De
Sfroos. Chi è? È un poeta? No. È un cantastorie?
No, è riduttivo. È un cantante? Non solo. E
allora? È tutto ed è tanto. “Il testo
è fondamentale, come se fosse il pilota di una vettura,
dove la vettura è la musica”; una frase di Davide
che riassume, ancora una volta, un significato più
profondo, più intimo.
I
suoi testi hanno bisogno della musica per diventare canzone,
di quella musica che solo De Sfroos può darci, così
diversa e così mutevole, come le onde del nostro beneamato
laach de Còmm, così inusuale che ne hanno definito
l’autore un cantante folk rock, ovvero fusione di ritmi,
melodie e testi apparentemente incompatibili. Eppure ce l’ha
fatta, ha trasformato i suoi pensieri, le sue storie, le storie
del lago, in canzoni, grazie alle scelte musicali adatte, perché
“il testo è importante ma ha bisogno della giusta
musica per diventare canzone, come un film ha bisogno della
colonna sonora”.
Ma
da dove nascono le sue storie? Dal lago appunto, dai suoi
abitanti (La ballata del cimino, Ul mustru, Lo sconcio), dalle
sue presenze caratteristiche (La balera, La curiera), dai
ricordi (Pulenta e galena fregia, Yanez). Possono volerci
mesi e anni per capire come raccontare una storia in modo
che non risulti banale o troppo difficile, fino a che la si
scrive, si registra ed è fatta, anche se spesso ci
si rende conto che quella non è assolutamente una canzone
definitiva, perché è nata totalmente dalle onde,
che per natura mutano, corrono e scompaiono.

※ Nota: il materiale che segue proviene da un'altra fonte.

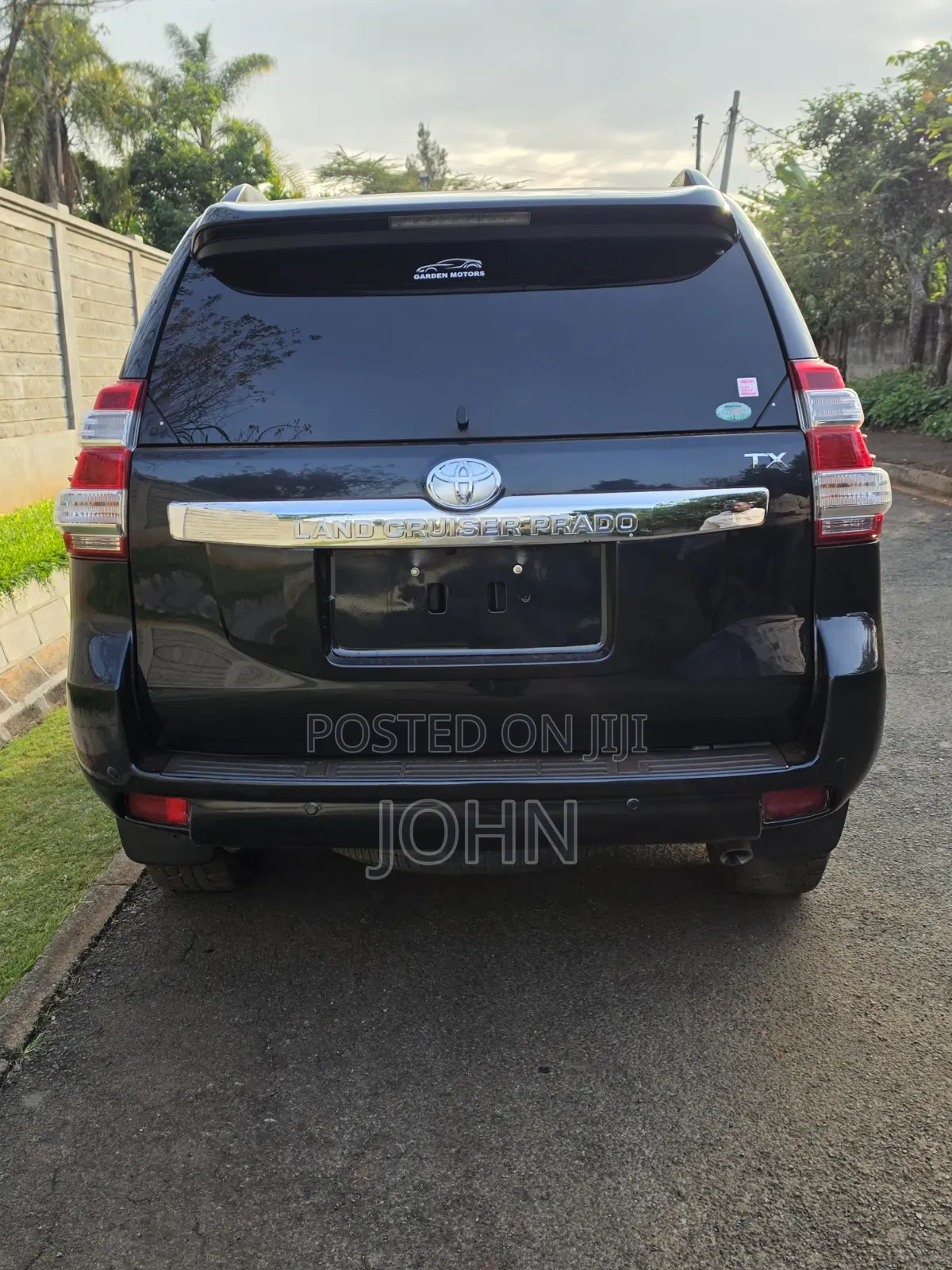Toyota Land Cruiser Prado 2016 Black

Il riferimento è ad Akuaduulza, dall’ omonimo
album. “e quest’unda vagabunda l’è
na lèngua che bagna i paròll, lèngua
che rànza, lèngua redùnda, Prema l’è
timida e poe l’sbròfa tucc”: l’anima
di raccontatore di eventi qui è chiara; in quest’
ode al lago, le acque dondolano, e cullano chi ascolta.
I violini sono “gli agenti esterni”, sono i
gabbiani e le nuvole che si riflettono nell’acqua
blu, e quando si ascolta “akuaduulza” si vedono,
sono lì intorno che volano sopra le onde.